We make it to the top of Haruna, via a strip of grooved musical road that plays ‘Land of Hope and Glory’ through your tyres (this should be compulsory, everywhere, immediately), and hang out, as Takumi does, by the lake. Yep, a lake at the top of a mountain. If anyone can explain why gravity appears to be having a day off, we’re all ears. Next, we swing by D’z Garage – an Initial D-inspired cafe and workshop, complete with a replica of Takumi’s AE86 and Initial D tofu pudding, a serving of which I’m saving for a rainy day. But it’s the drift-spec RX-7s and 300ZXes that put the Civic’s styling in context.
This is a land where Bōsōzoku was born, where modification is rife, where car culture runs deep through the fabric of society. It’s easy to see why Honda chose to go so extreme with the styling. Whereas the twenty-somethings this car is likely to appeal to in the UK are unlikely to have the £30,000 entry ticket, here it just fits. Young or old, we get thumbs up, and waves, and papped wherever we go. One enthusiastic pedestrian simply stops in his tracks, points at me and shouts, “You the boss.” I thank him with a grunt and a head nod.
Our final road is one you’ve undoubtedly heard of. Cliche? Perhaps, but as a magnet for Japanese car enthusiasts, it’s impossible to ignore. Two hours south of Haruna, and just 90 minutes from Tokyo, is the Hakone Turnpike – a toll road immortalised in drifting culture and the place to come if you want to drive your car properly. We follow a new 911 GT3 up to the booth, pay our 750 yen (£5) and set off, wincing slightly at the very real possibility that it can’t live up to its billing. Except it can. There is, in fact, a 50kph limit, but judging by the speed at which the GT3 scarpers, it’s enforced with a light touch.
Straight away, the road feels made for the Civic, total hot-hatch heaven. The corners are much wider-radius than Haruna or Irohazaka, long sweepers, the camber always with you on the way up. They never tighten, either, so you just apply the lock, hold it there and then test the front end with your right foot, which plays perfectly into the Civic’s hands – it just digs in and begs for more. The way the steering weights up and tells you where you are is sublime, and my head starts to swim with the g-force before the grip runs out. The surface is immaculate, too, so for the first time on the trip we can deploy +R mode, giving us a fraction more body control and throttle response. I’d prefer the Sport setting for the steering, though, rather than more artificial weight, but the modes are the modes – annoyingly, there’s no individual configuring allowed.
We get chatting with a couple of young TopGear fans, one driving a fruity-sounding Nissan 370Z, the other an Impreza STI. Never noticed how similar the Type R and latest Impreza (a car that looks dated and out of touch in the UK, but somehow seems achingly cool here) are, but now it’s blindingly obvious. A Lotus 7 on throttle bodies pulls up.

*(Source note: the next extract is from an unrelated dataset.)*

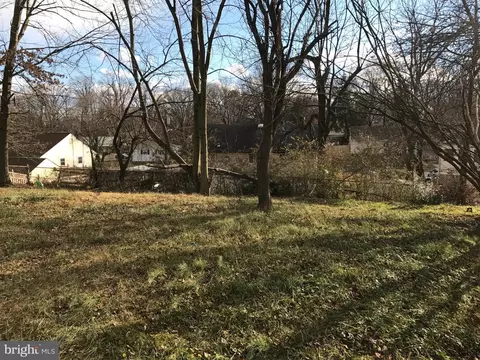 Exterior - 9103 Wallace Rd, Lanham, MD 20706 photo 5 of 5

A Suzuki Cappuccino with the world’s most antisocial dump valve jets past. I’ve found car heaven on Earth and it costs a fiver to get in.
On the cruise back into Tokyo, I use the time to digest two indelible days. We already knew how brilliant the Civic was to drive – it’d seduced everyone on Speed Week with its adjustable chassis, approachable nature and ruthless approach to speed. What we needed to know was who it was actually for. In Japan, the answer is anyone and everyone. The Stormtrooper-with-an-underbite front end, the vision-impairing rear wing, the slashes and vents and vortex fins – they’re all part of shouting about what you have under the bonnet. A badge of honour.
Of course, that doesn’t mean you have to like the way it looks, but it might help you appreciate where Honda is coming from. Just as a Corvette or a Hellcat is America at its tyre-shredding, belching best, this is Japan distilled into a practical five-door family hatch. The Civic Type R isn’t just the best hot hatch of the year, it’s the best car of the year, full stop. Love it, hate it. Who cares? Just drive it.